Bei den Wahlen in Lettland liegt die Volksfront vorne, sie hat aber die Zweidrittelmehrheit knapp verfehlt / Aus Estland liegen noch keine endgültigen Ergebnisse vor / Nachwahlen in Rußland, der Ukraine und Weißrußland bringen Erfolge für die Opposition  ■  Aus Moskau Barbara Kerneck

Ab jetzt wird wohl auch in Lettland lautstark über die Unabhängigkeit der Republik von der Sowjetunion gesprochen werden. Denn bei den ersten Wahlen, bei denen in dieser Republik die Wähler unter mehreren Parteien auszuwählen hatten, haben die für die Unabhängigkeit eintretenden Kandidaten große Erfolge errungen. 126 von 201 Sitzen hat die Volksfront nach eigenen Angaben im ersten Wahlgang schon errungen, 63 Mandate fielen an die Kommunisten. Die Volksfront braucht eine Zweidrittelmehrheit (134 Sitze), um eine Entscheidung über die Unabhängigkeit wie in Litauen zu fällen. Gerade in den Wahlkreisen in Riga, wo nur 30 Prozent der Bevölkerung aus Letten besteht, werden die Nachwahlen heiß umkämpft sein. Von den parallel ablaufenden Wahlen in Estland liegen bis jetzt noch keine endgültigen Ergebnisse vor, jedoch wurden in der Nachbarrepublik Lettlands nach Angaben der estnischen Nachrichtenagentur 'etta‘ 45 der 105 Abgeordneten des Obersten Sowjet im ersten Wahlgang gewählt. Über die Kräfteverteilung konnten indes noch keine genauen Angaben gemacht werden.

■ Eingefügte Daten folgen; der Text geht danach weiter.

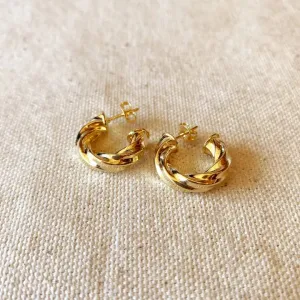 Twisted C-Hoop In Gold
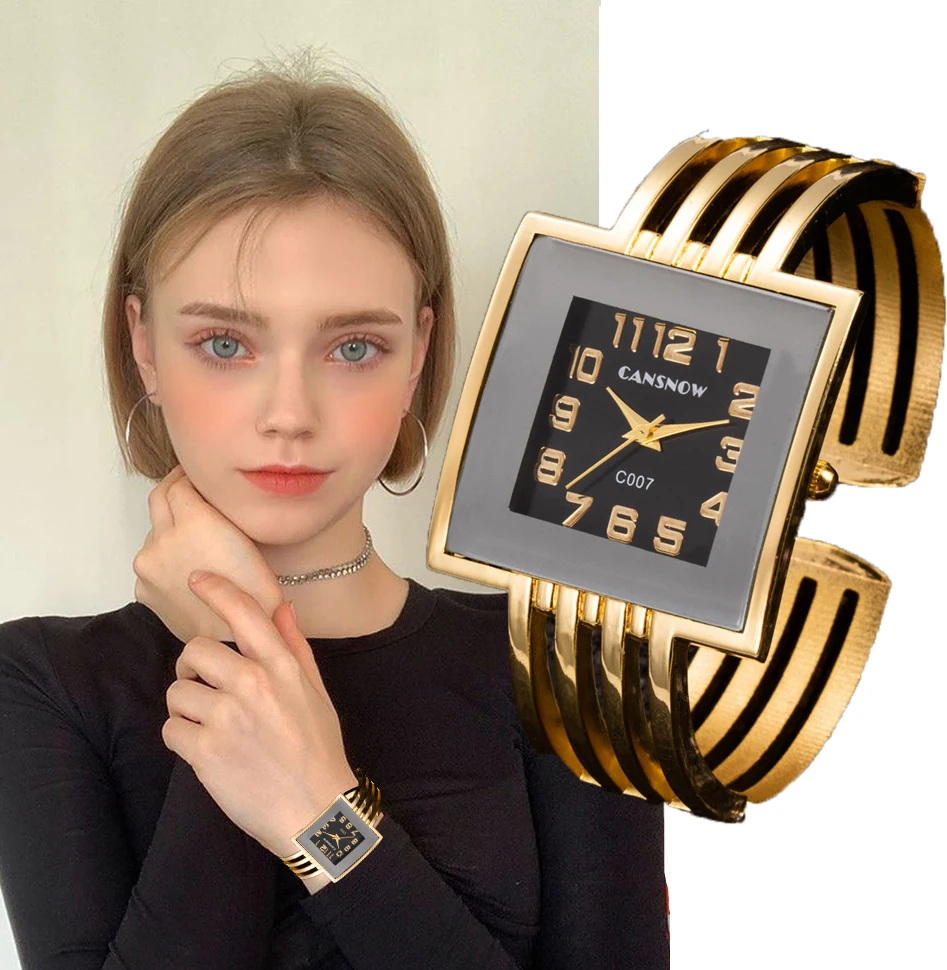 Женские часы 2019 роскошные Брендовые женские браслет золотые и черные с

Unterdessen zeichnete sich in der zweiten Runde der Nachwahlen in den Republiken Ukraine und Weißrußland am gleichen Tag eine geringe Wahlbeteiligung ab. Doch obwohl hier in einigen Wahlkreisen die Wahlen erneut wiederholt werden müssen, sind auch hier die Reformanhänger erfolgreich.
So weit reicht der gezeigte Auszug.